If you go stage 2, personally I'd recommend changing the rods and clutch before hand.


----------



## Tyrer (Jul 4, 2013)

Awesome GTI website will be a good starting point to gauge prices mate, they sell forge and is where I got all my parts from. Roughly £300 for all needed hoses new.

eBay will have many Forge T.I.P's (the turbo intake pipe) used as many people changed to the Badger 3" version so these will be around £50 used.

SFS hoses are also a good alternative and are cheaper than the forge parts.

A good Dog bone mount will help with the power control and can be bought for £60 for a full unit or £20 for just bushes.

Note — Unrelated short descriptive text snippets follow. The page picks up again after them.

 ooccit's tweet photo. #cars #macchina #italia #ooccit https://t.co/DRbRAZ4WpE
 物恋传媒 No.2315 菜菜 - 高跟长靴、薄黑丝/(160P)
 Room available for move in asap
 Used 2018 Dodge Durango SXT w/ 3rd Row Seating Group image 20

Coil packs £80 give or take

Forge 007p DV - £80ish new or get on eBay as many are upgrading to the 008 and the 7's will be on sale.

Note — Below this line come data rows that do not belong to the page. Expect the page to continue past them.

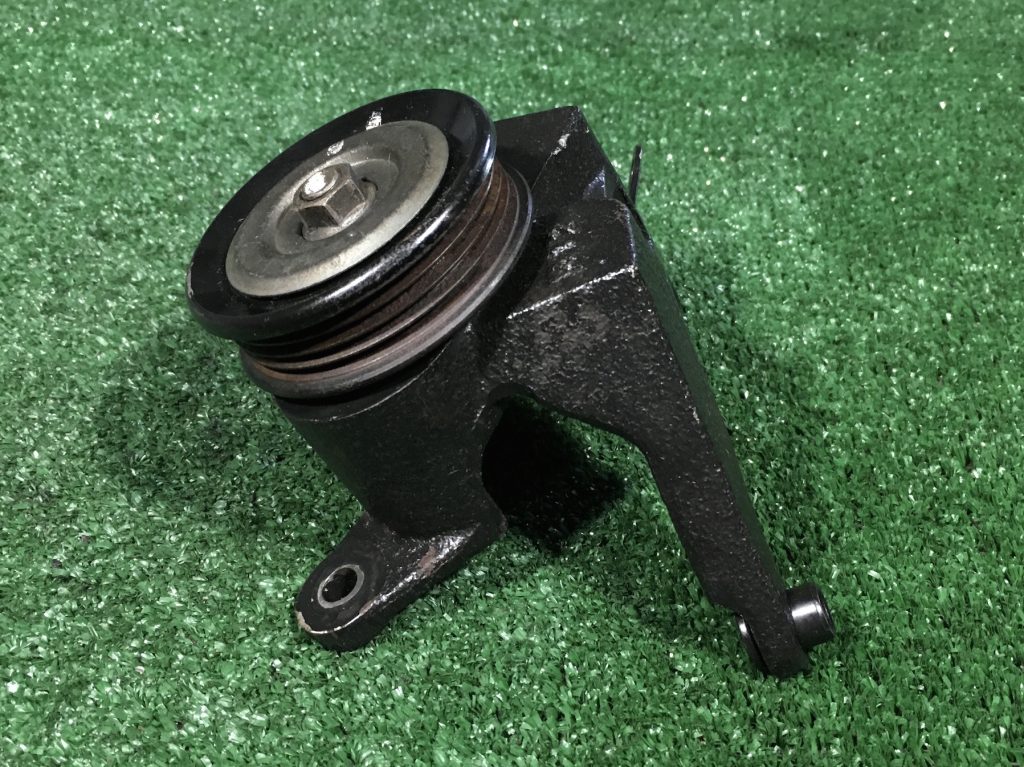 COMPRESSOR IDLER PULLEY + BRACKET JDM of Miami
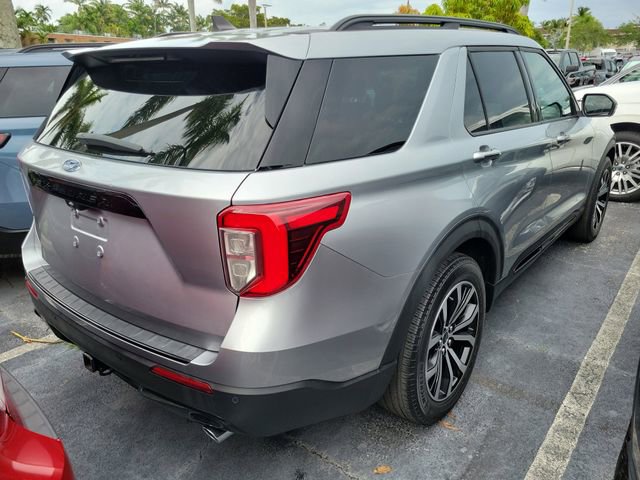 Certified 2022 Ford Explorer ST-Line w/ Class IV Trailer Tow Package RWD image 3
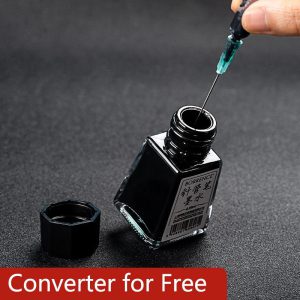 L’art de l’écriture repensé : l’encre noire qui sublime vos tracés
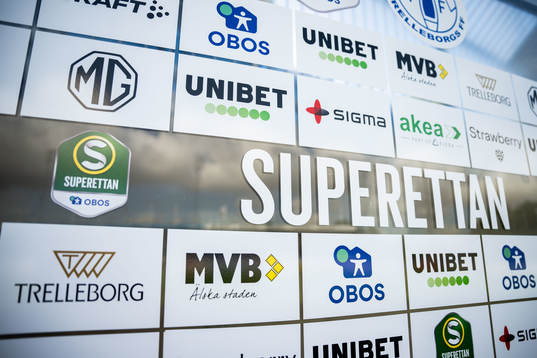 En skylt med Superettans logga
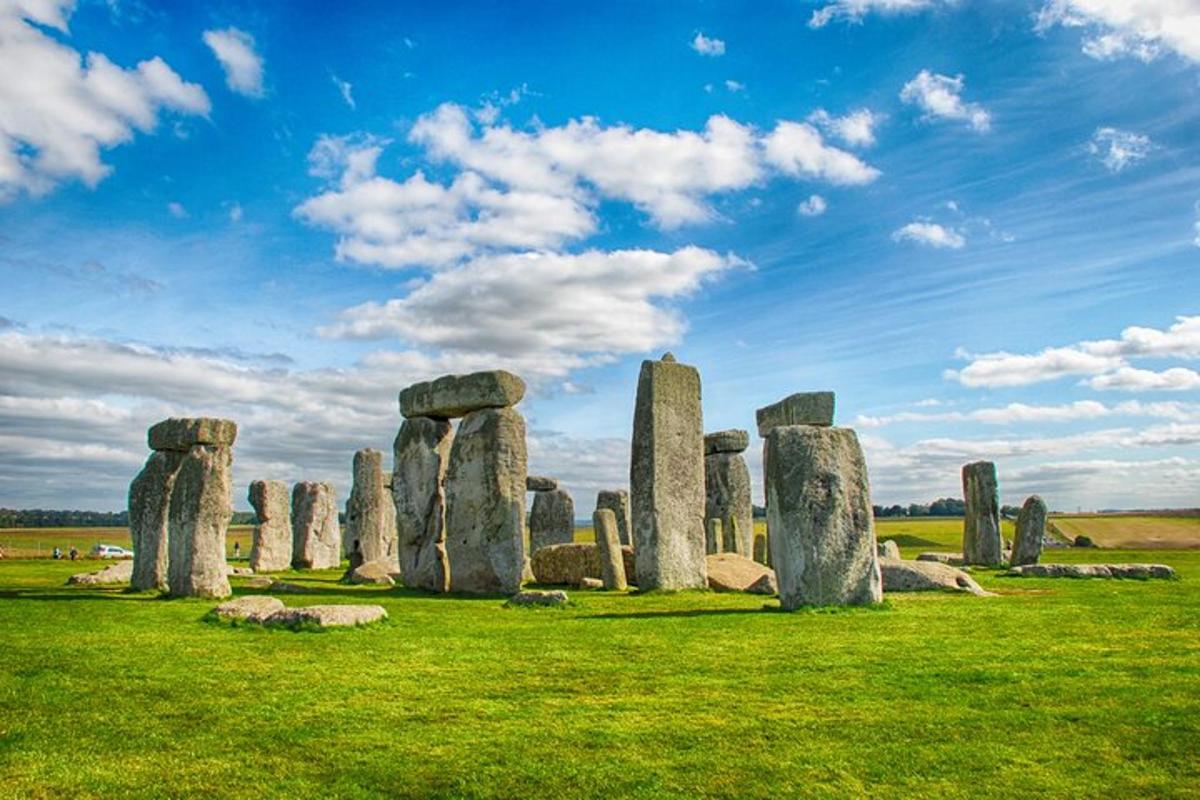 Stonehenge, Bath and Windsor Private Car Tour from London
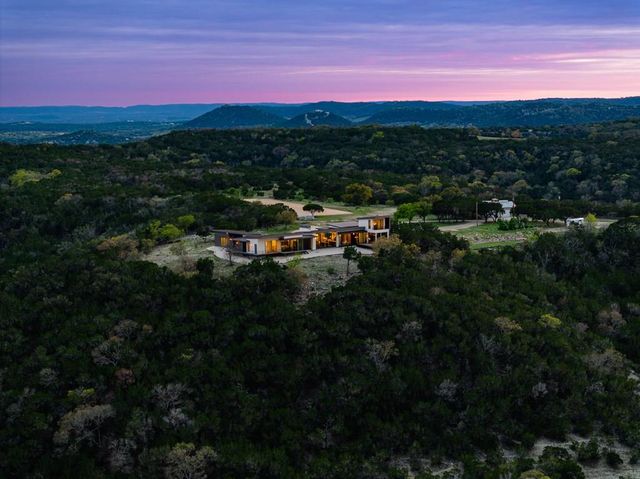 5081 Hwy 173, Center Point, TX 78010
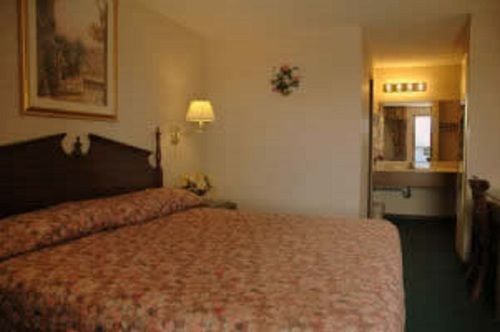 Willmar Lakeview Inn מראה חיצוני תמונה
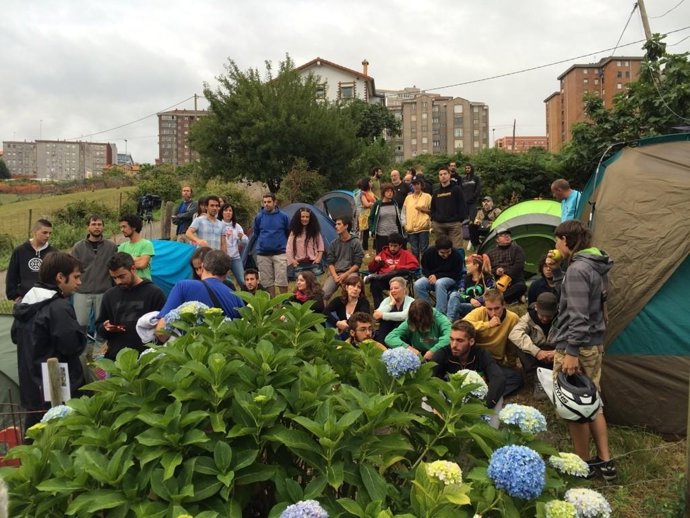 Acampada en casa de Amparo Pérez 
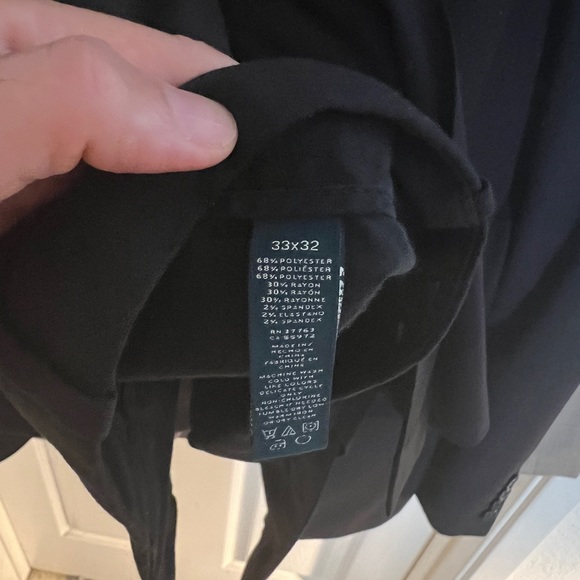 Perry Ellis Black Slim Fit Suite size 38R / pants 33x32 - Picture 4 of 6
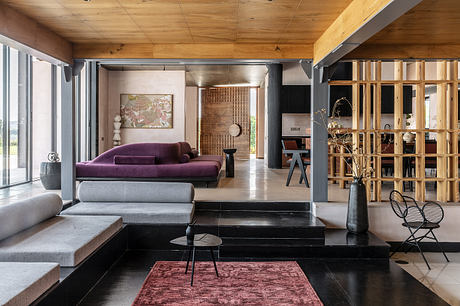 Summer House Charms with Surprising Elegance - 2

If you do a map without the hoses the OEM ones will just pop off - mine did until I replaced them. Not fun at 70 on a motorway


----------



## J•RED (Feb 10, 2013)

Tyrer said:


> Awesome GTI website will be a good starting point to gauge prices mate, they sell forge and is where I got all my parts from. Roughly £300 for all needed hoses new.
> 
> eBay will have many Forge T.I.P's (the turbo intake pipe) used as many people changed to the Badger 3" version so these will be around £50 used.
> 
> ...


Mine are oem hoses and haven't popped off. They're not compulsory for a remap.

Sent from AutoGuide.com Free App


----------



## Tyrer (Jul 4, 2013)

I agree if your OEM items are in good condition then it will be fine - I'm going from my own experience of the hosing being soft and collapsing under the extra boost from a remap.

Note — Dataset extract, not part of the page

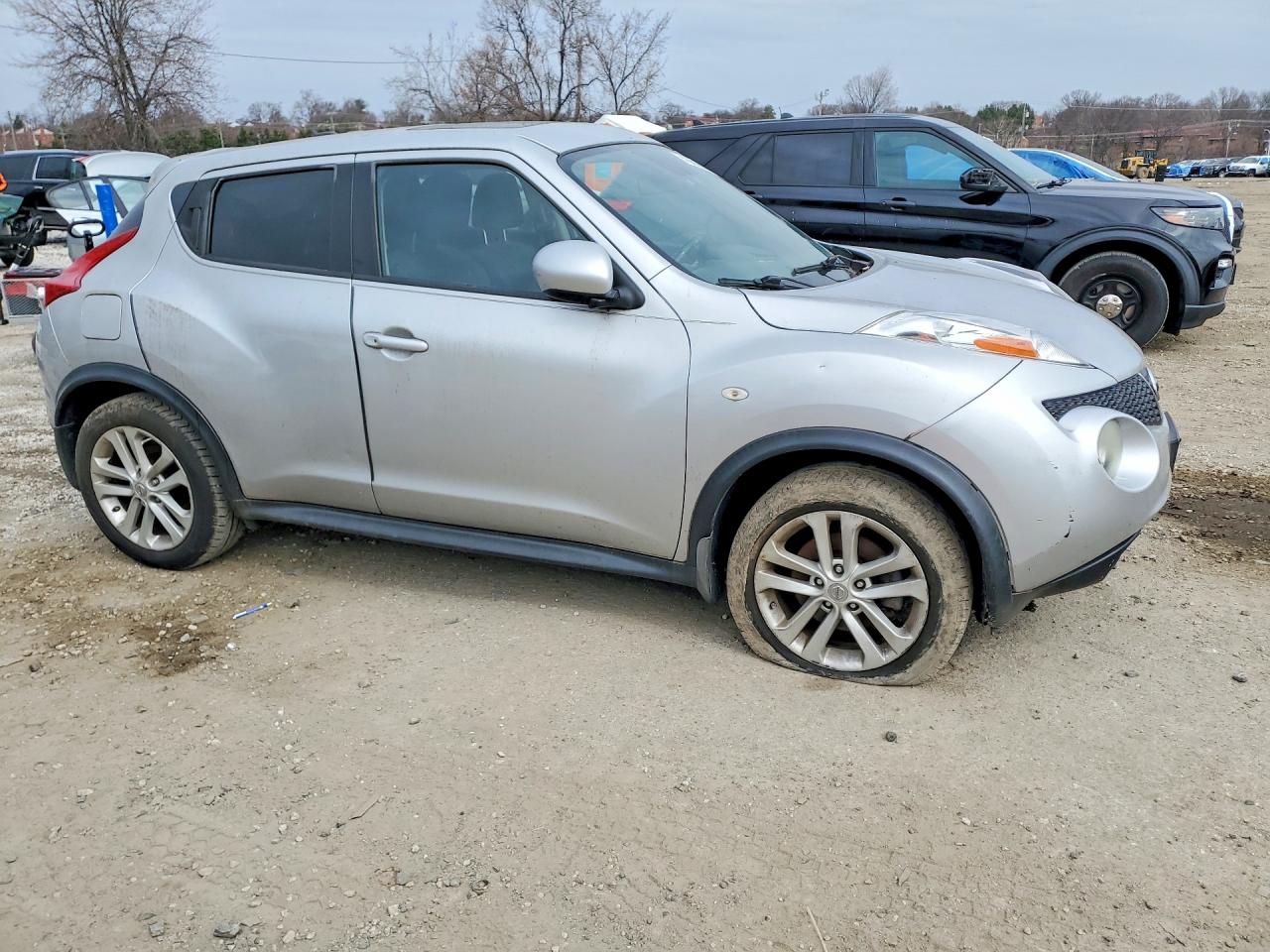 2013 NISSAN JUKE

Personal preference but I was running 250+ and 300ish torque the OEM hosing was not strong enough, the car was the BAM engine 225 with 55k on the clock.


----------



## M77LTT (May 13, 2013)

Tyrer said:


> I agree if your OEM items are in good condition then it will be fine - I'm going from my own experience of the hosing being soft and collapsing under the extra boost from a remap.
> 
> Personal preference but I was running 250+ and 300ish torque the OEM hosing was not strong enough, the car was the BAM engine 225 with 55k on the clock.


tyrer you have been most helpful,keep intouch,when i get time i will update my profile,ive added you to my friends list so i can get your opinions and advice quicker.getting abit carried away already with all the stuff i want to do,lol,


----------



## M77LTT (May 13, 2013)

M77LTT said:


> Tyrer said:
> 
> 
> > I agree if your OEM items are in good condition then it will be fine - I'm going from my own experience of the hosing being soft and collapsing under the extra boost from a remap.
> ...


Another quick question,have you had to have a new clutch since your remap?


----------